American Pharoah winning the Breeders Cup Classic with ease (Photo by Taylor Pence, kykernel.com) |
Over the last week, I've struggled to find the right words to sum up Pharoah's incredible performance and career for this blog, and I have been struck all over again by how different this horse has been from others who have gone before him in the quest for racing immortality. In the years leading up to Pharoah's Triple Crown victory, as the wait grew longer and longer, I opined on more than one occasion that it wouldn't necessarily take a great horse to win the Triple Crown, just a lucky one. All we needed was one horse who was a stand-out in a crop of mediocre three year-olds, one who had just enough extra talent to get the job done. But I was wrong. It does take a great horse to win the Triple Crown, and American Pharoah has driven home this point emphatically all year long. It takes luck, yes, but it also takes soundness of body and mind, stamina, incredible fitness, great heart, a willing spirit, and that little something extra that sets a great horse apart from his contemporaries.

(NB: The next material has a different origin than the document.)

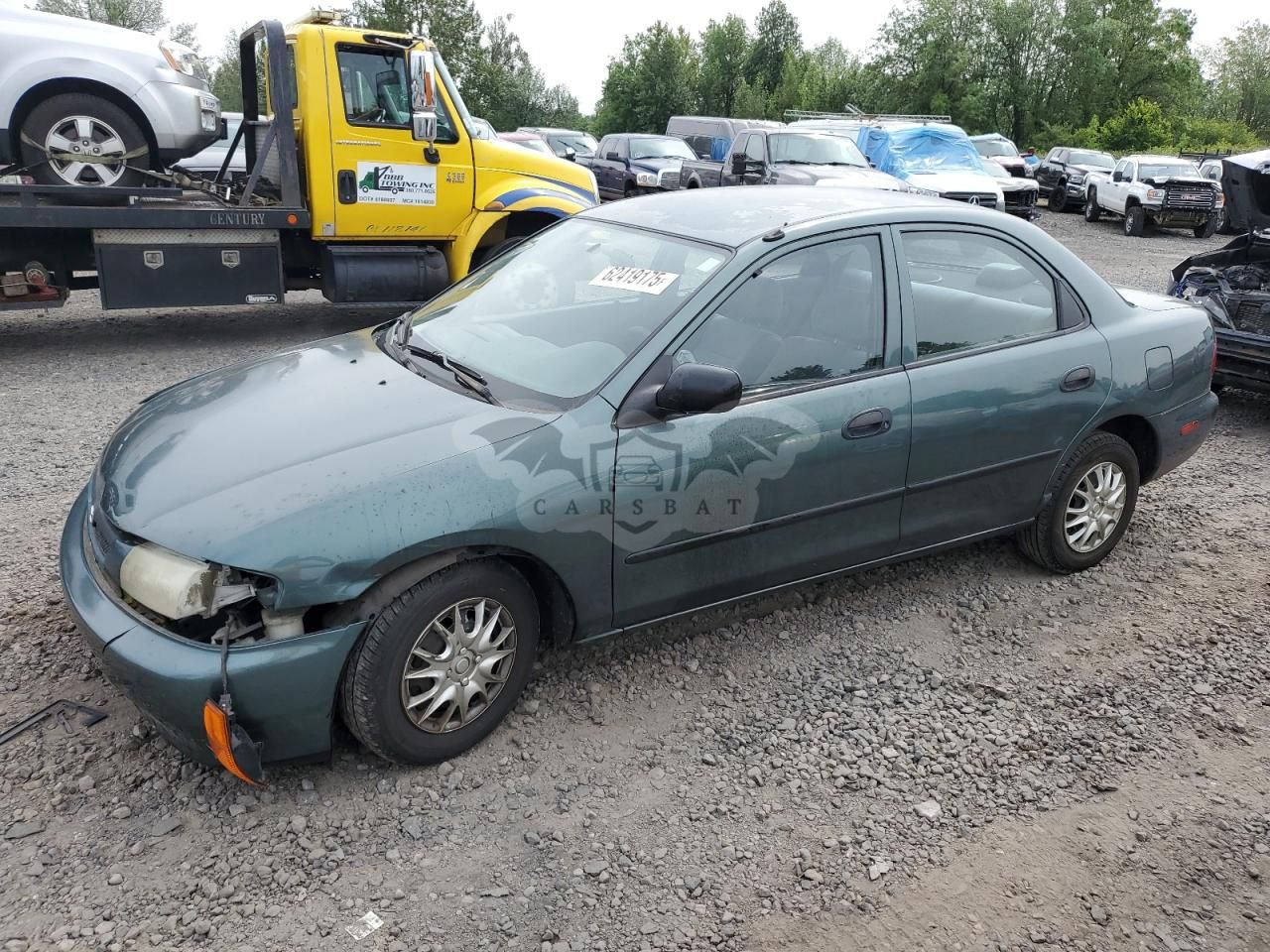 Mazda Protege DX 1.5L 4 1998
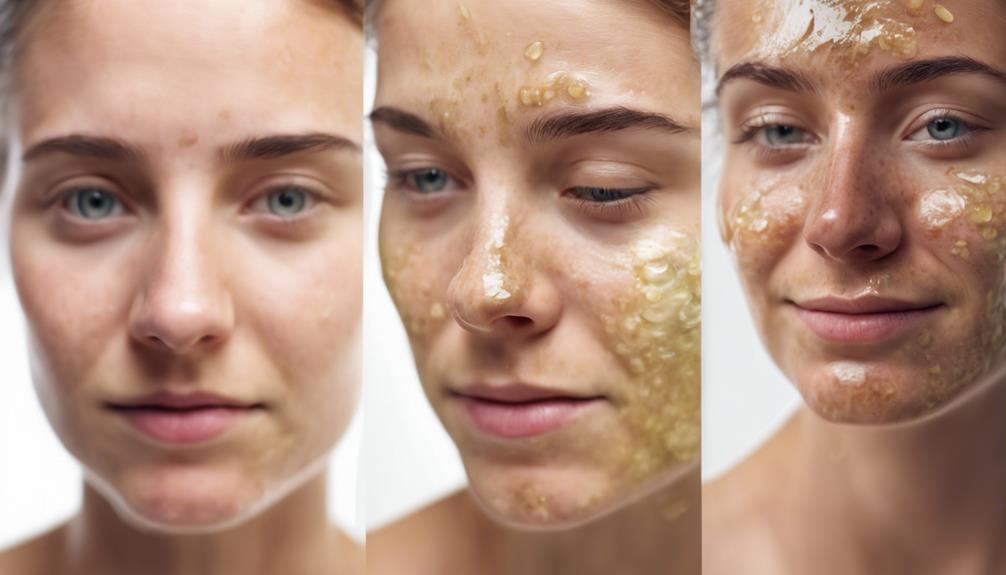 castor oil skin benefits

American Pharoah possesses all of these qualities. Looking back now on his exploits of the last fifteen months, it is awe-inspiring to see how he seemed to thrive despite his grueling schedule. He improved with nearly every start, winning regularly by daylight even though Espinoza usually wrapped up on him in the last sixteenth of a mile. His times got faster with every race, culminating in his scintillating Breeders Cup performance. He also displayed remarkable physical resilience all year long. He crossed the country 14 times, traveled more than 28,000 miles, raced at 7 different tracks, and never once put a foot wrong. He has a beautiful, fluid, ground-eating stride that allows him to effortlessly glide over the ground and that supposedly measures two feet longer than Secretariat's. It may be the secret of his ability to run on any surface at any track, from dirt to polytrack to a sea of mud.
(Photo by sportingnews.com) |
One of Pharoah's greatest strengths I think is his good mind, easy-going demeanor, and kindness of spirit. Pharoah by all accounts is a smart, friendly horse who thrives on attention. He has been utterly unfazed by the throngs of press and fans who have come to visit him, something few racehorses have the temperament to handle. Baffert has allowed unprecedented access to the horse because of his good nature, and Pharoah has taken it all in stride as if it were his due. Which it is.
(Photo by courier-journal.com) |
He won 6 G1 races all told as a three year-old, including 5 races with purses of a million dollars or more consecutively, something no other horse his age has done. Of the four Triple Crown winners since races became graded in the early 1970s, he is the only one to win more than one G1 race after the Belmont. He retired as the fourth richest American horse in history with earnings of $8,650,300. Had Visa not cancelled their $5 million Triple Crown bonus several years ago, he would have retired as the richest American racehorse of all time.
But all numbers aside, even as impressive as the statistics are, there are more ephemeral qualities that some great horses possess. Like so many Thoroughbreds, Pharoah ran for the sheer exhilaration of running. In nearly every race, his ears were pricked observantly, listening to the roar of the crowd and the rush of the wind as he sliced through it. I have never seen anything quite like it in my 30+ years following the sport. As I've mentioned in the past, I learned to read from C. W. Anderson's horse stories, and I think he would agree that American Pharoah has the "look of eagles," that quality in great horses of heightened awareness and of seeing something in the distance just beyond the sight of mere mortals.
As Bob Baffert so aptly put it in the latest issue of the Blood-Horse, Pharoah is a throwback to the hickory-tough horses of bygone ages. He proved himself to be fast, determined, versatile, sound, and above all, worthy of that elite company he joined at Belmont Park. He is the horse of a lifetime.